Liberationist Agendas and Notation

Graphic notation, the story goes, is meant to be liberating. But for whom?
Not all graphic notation is actually open. Some of it, like the pieces written for David Tudor by Cage and others, were not open at all. Tudor used a ruler to take very precise measurements and worked out a performance score from the score that he received. These scores were graphic, but also very highly specified. When discussing notation in 1976, David Berhman wrote, ‘Learning a new piece can be like learning a new game or a new grammar, and first rehearsals are often taken up by discussions about the rules – about “how” to play rather than “how well” (which must be put off until later).’ (p 74). Indeed, this mining for exactness and rules meant that players needed specificity to approach a new piece. In the same book, but in a different article about the performer’s perspective, Leonard Stein wrote, ‘Little wonder, then, that when first faced with a new score of great apparent ambiguity the performer’s reactions to the music may be seriously inhibited, and he may be discouraged from playing it at all.’ (p 41)
In the era of serialism, every aspect of the piece (from notes, to dynamics, to timbres to articulations) would be carefully mapped out according to rules. Although he’s framed in opposition to this movement, Cage did also often map everything out, but used ‘chance operations’ to do so. That is, he cast the I-Ching, which is all a roundabout way of saying he used different algorithms to write very precisely closed music.
When everything is specified, the performer is at risk of falling into very rote renditions of things. He or she may play very mechanically, as if they are on a grid, or just repeating practices they learned in school, trying to get everything right. Musicality is at risk from hyper-specification.

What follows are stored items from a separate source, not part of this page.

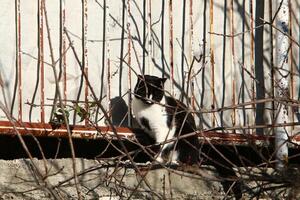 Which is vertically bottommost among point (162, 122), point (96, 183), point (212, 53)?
point (96, 183)

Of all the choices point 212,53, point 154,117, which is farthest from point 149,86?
point 212,53

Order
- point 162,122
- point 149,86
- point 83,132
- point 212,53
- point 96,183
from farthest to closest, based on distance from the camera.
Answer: point 162,122 < point 212,53 < point 149,86 < point 83,132 < point 96,183

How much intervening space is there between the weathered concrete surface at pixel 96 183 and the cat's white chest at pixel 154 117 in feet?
2.98

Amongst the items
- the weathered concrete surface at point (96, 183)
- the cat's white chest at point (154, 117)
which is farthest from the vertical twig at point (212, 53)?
the weathered concrete surface at point (96, 183)

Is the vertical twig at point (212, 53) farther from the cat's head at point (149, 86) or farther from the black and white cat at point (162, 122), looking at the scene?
the cat's head at point (149, 86)

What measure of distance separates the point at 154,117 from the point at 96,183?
1.42 meters

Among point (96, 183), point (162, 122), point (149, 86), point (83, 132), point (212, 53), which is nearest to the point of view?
point (96, 183)

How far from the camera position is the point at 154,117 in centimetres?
646

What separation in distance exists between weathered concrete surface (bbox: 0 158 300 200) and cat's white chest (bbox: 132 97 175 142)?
2.98 feet

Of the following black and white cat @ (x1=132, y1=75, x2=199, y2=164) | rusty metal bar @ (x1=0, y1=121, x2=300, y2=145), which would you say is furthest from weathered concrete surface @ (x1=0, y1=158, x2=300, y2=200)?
black and white cat @ (x1=132, y1=75, x2=199, y2=164)

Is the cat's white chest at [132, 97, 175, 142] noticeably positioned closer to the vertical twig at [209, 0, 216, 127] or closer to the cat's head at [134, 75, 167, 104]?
the cat's head at [134, 75, 167, 104]

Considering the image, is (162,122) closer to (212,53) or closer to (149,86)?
(149,86)

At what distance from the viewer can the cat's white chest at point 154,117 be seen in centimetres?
629

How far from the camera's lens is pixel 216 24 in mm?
6422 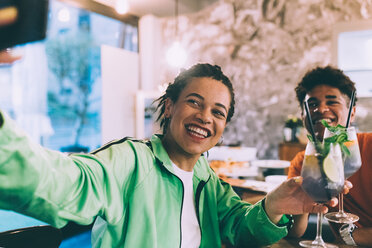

Therefore, according to Berhman, when Morton Feldman’s Projection scores have little high boxes in them, specifying a range of possible pitches, but not precise notes, this is meant to nudge the performer into greater engagement with the piece and the genre. ‘As a part of his interpretation, the player must ask himself what sort of pitches are appropriate – in effect, what sort of music he is playing.’ (p 79) The performer is liberated from their rote practice and forced to engage. But this liberation is not the performer’s liberation – it is the composers. The composer, broken free from the shackles of European Art Music and Serialism can use any method they want to get something very exact from a performer. Cage draws squiggles and Tudor takes very fine measurements of them. Performers: meet the new boss, same as the old boss.
Meanwhile, European Art Music was also weighing down in people in Europe. But obviously, the political valences of this were completely different. Cage, tired of Americans being compared negatively to dead white European males joked that the US needed ‘music with less sauerkraut in it’. (Problematic!!) But Europeans who wanted more freedom had much less to prove. Nobody thought British people were somehow culturally incapable of writing large scale symphonic works worth listening to. They had Elgar! Which is not to say they didn’t also long for freedom, but they did so with much less nationalism.
American experimentalist composers had a project of proving their worth as composers. They rejected the strict, imported methods that came form Europe, but reacting to that by relinquishing control would be risky. Firstly, there is the danger of association with Jazz. White supremacy may have pushed some white composers away from engaging any of the openness suggested by jazz practice. Improvisation would be a step too far. And, indeed, composers trying to prove their worth as masters of their art may assume that retaining control would make a stronger case for their own work.
Those not embarking on nationalist projects, who have much less to prove, did turn out to be more open. Cornelius Cardew played in the AMM, a small group that improvised, influenced by jazz, but tryied to play outside of jazz’s generic boundaries. Cagean composers shunned improv, but Cardew embraced it and developed his own squiggly notation. Unlike Feldman, he did not seek exactness or a greater freedom to realise the composer’s vision more precisely. Cardew wrote, ‘A square musician (like myself) might use Treatise as a path to the ocean of spontaneity.’ (1971 p i) What Cardew gives, Feldman takes away. (Of course, when generalising about entire cultures, exceptions abound. Earle Brown argued for performer freedom.)
There is a tendency in musical writing, especially in the popular press, to see graphic notations as a high point of music’s historic embrace of left-wing libertarianism. While certainly Cage did come to embrace anarchism (and his writings on that deserve a fresh look), it would be an error to see most American notational experimentation of the period up to the 70’s as embracing any kind of class-conscious liberation. Sure it was liberationist for composers, but performers had to look abroad if they wanted freedom for themselves.

Works Cited

Behrman, David. ‘What Indertiminate Notation Determines’ (1976) Perspectives on Notation and Performance ed Benjamin Bortez and Edward T Cone. New York: W. W. Norton & Company Inc. [ book]
Cardew, Cornelius. “Treatise Handbook” (1971) London: Edition Peters. [Book]
Stein, Leonard. ‘The Performer’s Point of View’ (1976) Perspectives on Notation and Performance ed Benjamin Bortez and Edward T Cone. New York: W. W. Norton & Company Inc. [ book]

A note about notes

Musical notation, as you may have learned in school, is a lot like a mathematical function. That is, one of those math equations that you can graph. For every x, there is exactly one y. Which means that the graph is a line that may meander up or down, but it will never loop back on itself, nor split in two, nor do anything more interesting other than getting more and more to the right as x goes up

Similarly, unless there is a repeat sign, you read notes strictly left to right. There is no symbol for linked 8th notes (aka: quavers) that play in any order aside from left to right.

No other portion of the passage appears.